Railway station in Lincolnshire, England

Louth North railway station is the future southern terminus of the Lincolnshire Wolds Railway where it will occupy a new site on the Fairfield industrial site.

==History==
The line was opened in 1848 as the East Lincolnshire Railway which served the towns of Grimsby, Louth and Boston.

It was opened to passengers the same year with stations at Ludborough, North Thoresby and Waltham while there were various halts along the Grimsby-Louth section which opened during the railmotor era of the line, but all these closed in the 1930s/60s.

==Closure==
The line was closed from Grimsby-Firsby to passengers on October 5, 1970. The Louth-Firsby section was quickly lifted.

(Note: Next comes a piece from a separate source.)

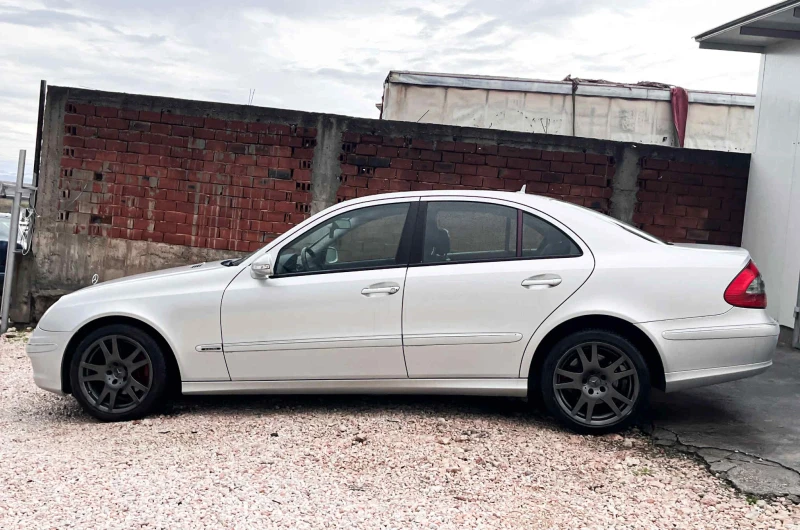 Mercedes-Benz E 280 CDI , снимка 3 - Автомобили и джипове - 52404997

The line from Louth-Grimsby was singled and remained open to freight to serve the Associated British Maltsters and the occasional rail tour until December 1980 when the line was closed, despite demands not to close it.

The station buildings were demolished at most of the stations along with the signal boxes. The only two original signal boxes to remain on the line were Hainton Street in Grimsby and Louth North. The original grain store remains at Ludborough and the original station master houses remain at Ludborough, North Thoresby and Holton-le-Clay. Louth station building still remains, and is Grade II listed, but has been converted to flats.

==Reopening==
In 1978, a small preservation group called the Grimsby-Louth Rail group was set up with aims to preserve the entire section. However, as the Waltham-Grimsby section has been turned into a bypass road, and could not be preserved as a railway, the group was renamed to Grimsby-Louth Railway preservation society.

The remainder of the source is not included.